Opinionated workflows for Claude Code — from brainstorm to deploy.
Install · Commands · Workflows · Docs
Claude Code is already powerful. The real leverage, though, isn't the model — it's the harness around it: how you structure context, workflows, guardrails, and specialized personas so every session produces senior-quality work by default.
dog_stack packages that harness. It is a plugin that loads 5 core workflows, 57 slash commands, 19 specialized agents, 77 context-aware skills, and a set of rules and hooks that fire automatically — so you stop rewriting the same planning, review, and commit prompts every session.
It is built for anyone who works with Claude Code daily and has ever wished it would always plan before coding, always review before the PR, and always verify before saying "done."
Full index of everything included: docs/index.md
In any Claude Code session, run:
/plugin marketplace add rogeriojunior31/dog_stack
/plugin install dog@dog_stack
The first command registers this repo as a Claude Code marketplace. The second installs the dog plugin from it. Claude Code pulls the latest tagged release automatically — no Git, no symlinks, no path configuration.
To update later:
/plugin marketplace update dog_stack
git clone https://github.com/rogeriojunior31/dog_stack.git
cd dog_stack
/plugin marketplace add .
/plugin install dog@dog_stack
Editing files under the cloned directory takes effect on the next session reload.
Once installed, Claude Code loads every component automatically at the start of each session.
Detailed installation and troubleshooting: docs/installation.md
Three small examples that show how dog_stack feels day to day. Each one is a real command you can run after installing.

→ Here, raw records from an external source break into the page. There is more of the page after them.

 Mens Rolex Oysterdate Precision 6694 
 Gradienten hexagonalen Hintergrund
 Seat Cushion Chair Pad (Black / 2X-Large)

/dog:brainstorming add rate limiting to the API
Before we implement anything, I need to understand the scope:
1. Which endpoints need rate limiting — all public routes, or just auth?
2. What limit are you targeting — requests/second or requests/minute?

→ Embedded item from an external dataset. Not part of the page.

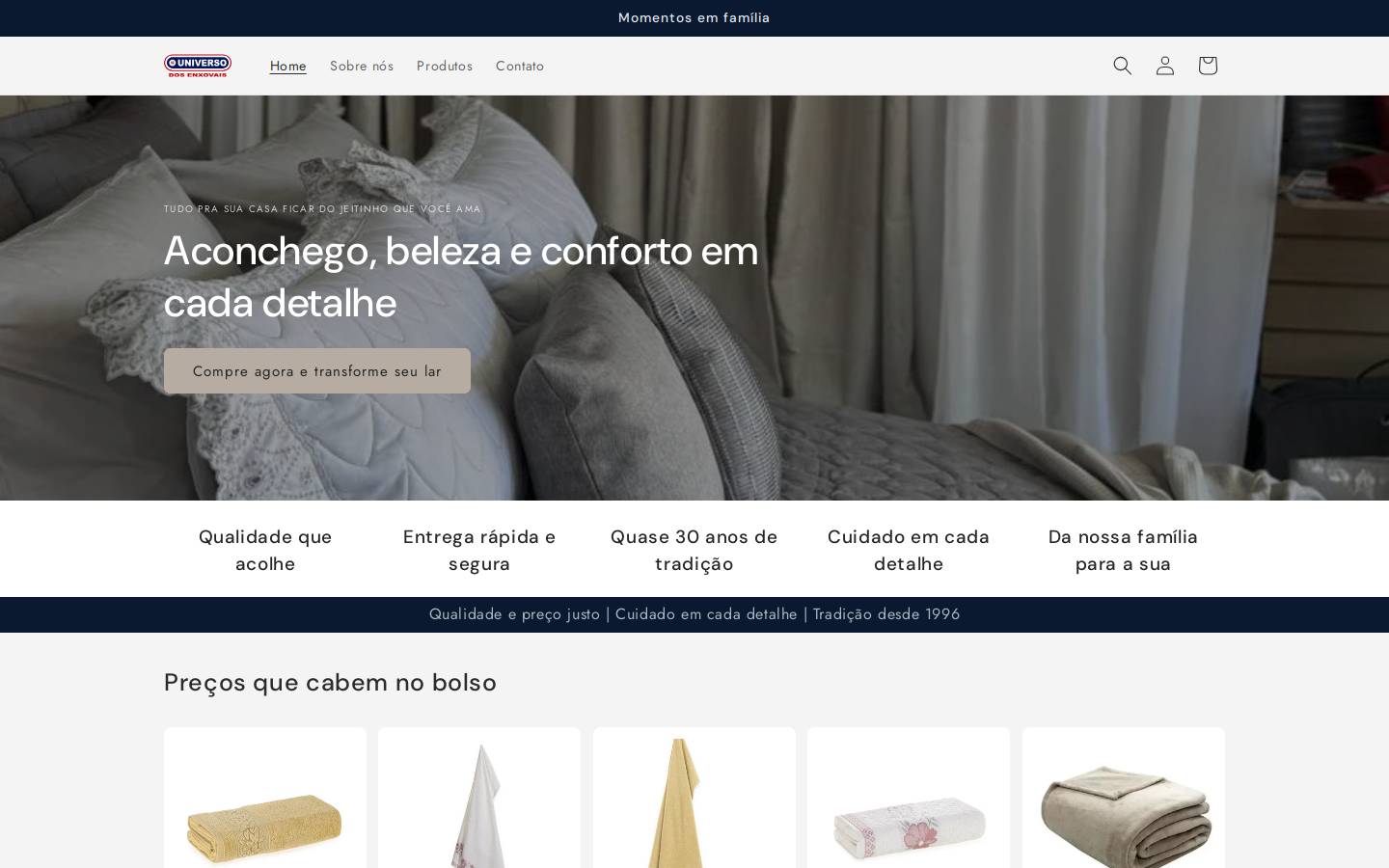 universodosenxovais.com.br homepage screenshot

3. How should exceeded limits behave — 429 with retry-after, or queue?
(waits for your answers before proposing any approach)
Brainstorming never writes code. It asks one clarifying question at a time until the idea is a clear spec.
/dog:plan add a file upload endpoint
Requirements restated:
- POST /upload accepting multipart/form-data
- Store files in object storage, not local disk
- Return a signed URL to the uploaded file
Risks:
- File size limit — needs an explicit cap
- MIME type validation — avoid arbitrary uploads
- Virus scanning — out of scope?
Steps:
1. Add multipart handler to the router
2. Integrate object storage client
3. Return signed URL with expiration
Waiting for your confirmation before touching any code.
/dog:plan reformulates the request, surfaces risks, proposes steps, and waits. It never starts writing before you approve.
/dog:prp-prd → Problem-first PRD with clarifying questions
/dog:prp-plan → Implementation plan grounded in the codebase
/dog:prp-implement → Step-by-step execution with validation loops
/dog:review → Multi-axis review before PR
/dog:prp-pr → GitHub PR with change analysis and auto-push
Five commands, one coherent pipeline. You stay in the loop at every gate.
GIFs for each example coming soon.
Full reference for every command: docs/commands.md · docs/quick-reference.md
dog_stack is built around five opinionated workflows — one for each distinct phase of serious technical work. Learn these and you have the map.
- Use when: starting a serious feature that touches multiple files.
- Skip if: 1-line bug fix — use
/dog:plandirectly. - Example:
/dog:prp-prd "add global rate limiting to the API" - Flow:
prp-prd→prp-plan→prp-implement→review→prp-pr
Details: docs/workflows.md
- Use when: building code you need to trust — business logic, algorithms, anything where "it seems to work" isn't enough.
- Skip if: throwaway script or one-off migration.
- Example:
/dog:tdd "implement a retry decorator with exponential backoff" - Flow:
plan→tdd(RED → GREEN → REFACTOR) →verify→review
Details: docs/workflows.md
- Use when: every change, before it lands on the main branch.
- Skip if: never.
- Example:
/dog:reviewfor local uncommitted changes, or/dog:review-pr 123for an open PR. - Flow: detects language, then dispatches
code-reviewer,security-reviewer, and the right language specialist in parallel.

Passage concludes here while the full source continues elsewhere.